Un elogio de la vejez
La Legislatura de la ciudad de Buenos Aires ha designado al doctor Carlos Santiago Fayt personalidad destacada en el ámbito de las ciencias jurídicas. La distinción contrasta con el parecer de algunos funcionarios y periodistas que han sugerido que, debido a su avanzada edad -superó con holgura los 90 años- debería renunciar al cargo de juez de la Corte Suprema de Justicia de la Nación. El ministro decano, nombrado por Alfonsín en diciembre de 1983, comenta que su designación es anterior a la última reforma constitucional que prescribe como edad tope 75 años, que su situación en consecuencia escapa de esa limitación y que seguirá en su cargo mientras considere que tiene fuerza y capacidad para desempeñarlo. No pretendemos hacer una defensa de Fayt -no la necesita-, sino, a la par que destacar algunos de sus méritos, plantear ciertas reflexiones sobre la vejez por la que el juez transita con dignidad.

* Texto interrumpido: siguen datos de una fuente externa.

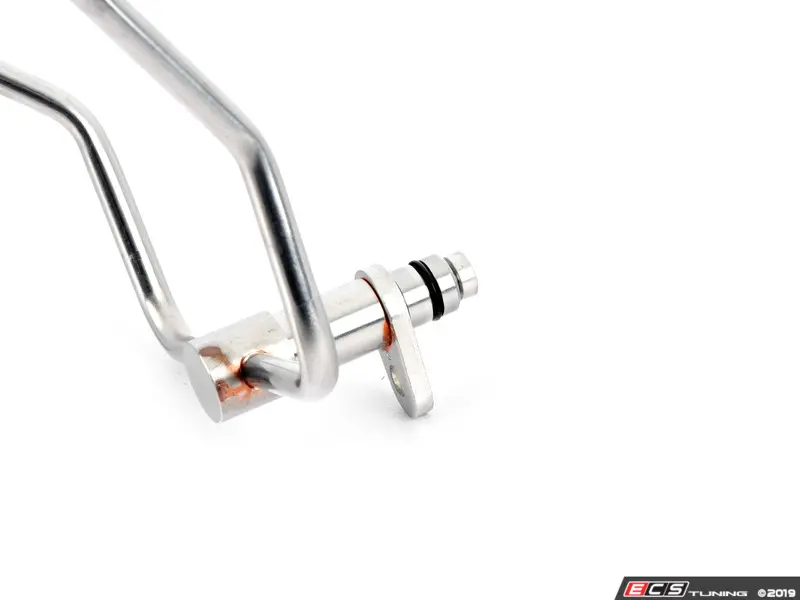 Genuine BMW - 11427634680 - OIL PIPE (11-42-7-634-680)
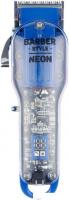 Машинка для стрижки волос Dewal Baber Style Neon 03-081 Blue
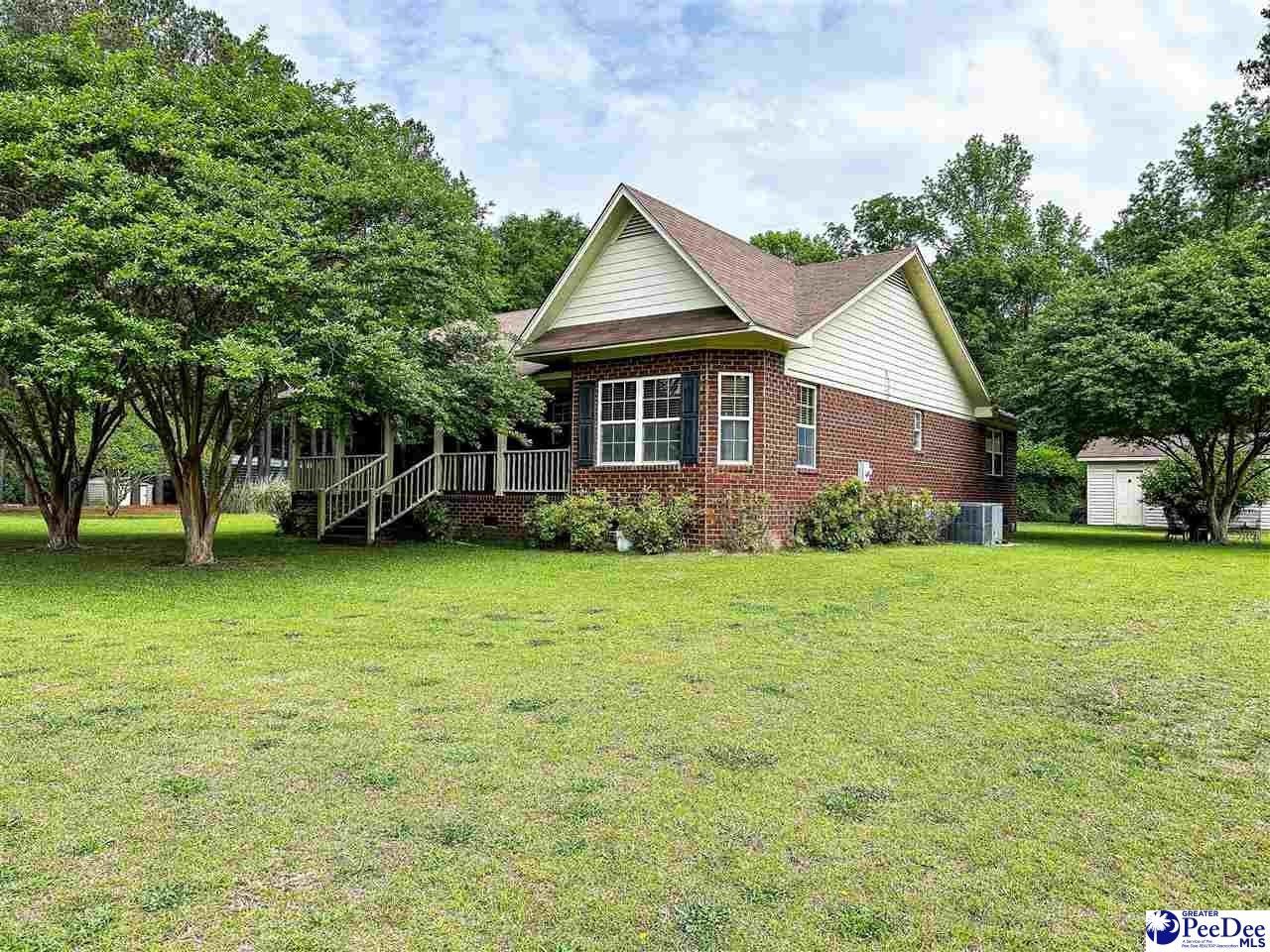 Timmonsville, Florence County, SC House for sale Property ID 416347871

Se trata de un profesional de valía, autor de una treintena de obras dedicadas en especial al pensamiento político y a la teoría general del Estado, profesor emérito de la Universidad de Buenos Aires, quien no dudó en renunciar a sus cátedras en la infausta Noche de los bastones largos; entre otros antecedentes respetables ha sido durante dos períodos presidente de la Asociación de Abogados de Buenos Aires.
¿Cuántas son las personas que alcanzan una edad muy madura haciendo gala de su lucidez? De muchos ejemplos recuerdo un caso reciente de nuestro medio: el del ilustre jurista Segundo V. Linares Quintana. La muerte lo sorprendió a sus 103 años cuando el maestro se hallaba completando uno de sus tratados.
La vejez, tercera o ahora cuarta edad, es una etapa de la vida a la que no deseamos llegar. La miramos a la distancia y como a algo que no nos incumbe, pero a la que, casi sin darnos cuenta y de manera inconsulta, el paso del tiempo nos la impone por necesidad: cuando hemos entrado en ese proceso de declinación ya no hay marcha atrás. Se da la paradoja de que nadie quiere alcanzarla, pero cuando se ha ingresado en ella no se desea abandonarla: el estadio siguiente es la muerte.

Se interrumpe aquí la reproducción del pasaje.